-- Opening Marker --
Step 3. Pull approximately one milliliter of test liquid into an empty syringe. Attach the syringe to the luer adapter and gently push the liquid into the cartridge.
-- Closing Marker --
-- Opening Marker --
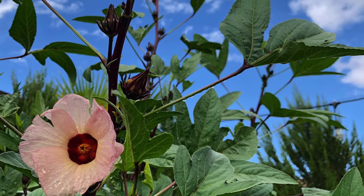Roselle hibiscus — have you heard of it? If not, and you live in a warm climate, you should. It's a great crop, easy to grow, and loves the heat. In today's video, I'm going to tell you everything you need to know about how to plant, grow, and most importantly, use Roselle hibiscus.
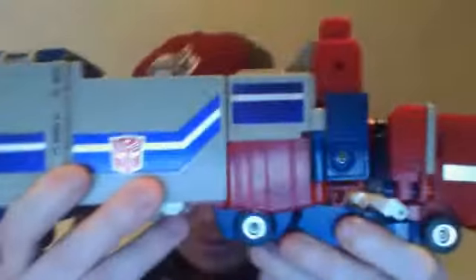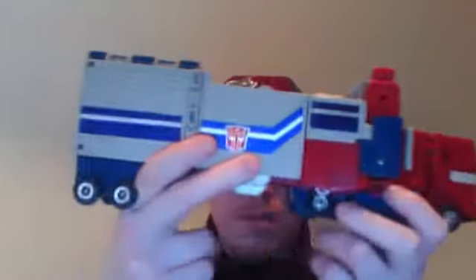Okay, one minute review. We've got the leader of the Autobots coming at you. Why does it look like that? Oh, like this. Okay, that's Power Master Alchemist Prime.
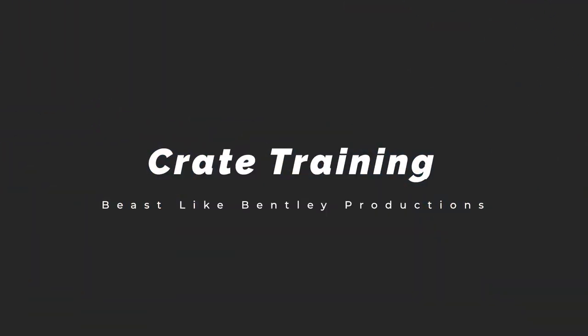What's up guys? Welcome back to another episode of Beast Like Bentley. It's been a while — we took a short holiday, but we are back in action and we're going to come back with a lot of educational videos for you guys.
-- Closing Marker --
● **The task**: Using the entries above, reproduce word for word only the lines from the one that contains "Roselle hibiscus —" to the one that contains "What's up guys?", both ends included, and drop every picture.

● **Problem solution**:
Roselle hibiscus — have you heard of it? If not, and you live in a warm climate, you should. It's a great crop, easy to grow, and loves the heat. In today's video, I'm going to tell you everything you need to know about how to plant, grow, and most importantly, use Roselle hibiscus.
Okay, one minute review. We've got the leader of the Autobots coming at you. Why does it look like that? Oh, like this. Okay, that's Power Master Alchemist Prime.
What's up guys? Welcome back to another episode of Beast Like Bentley. It's been a while — we took a short holiday, but we are back in action and we're going to come back with a lot of educational videos for you guys.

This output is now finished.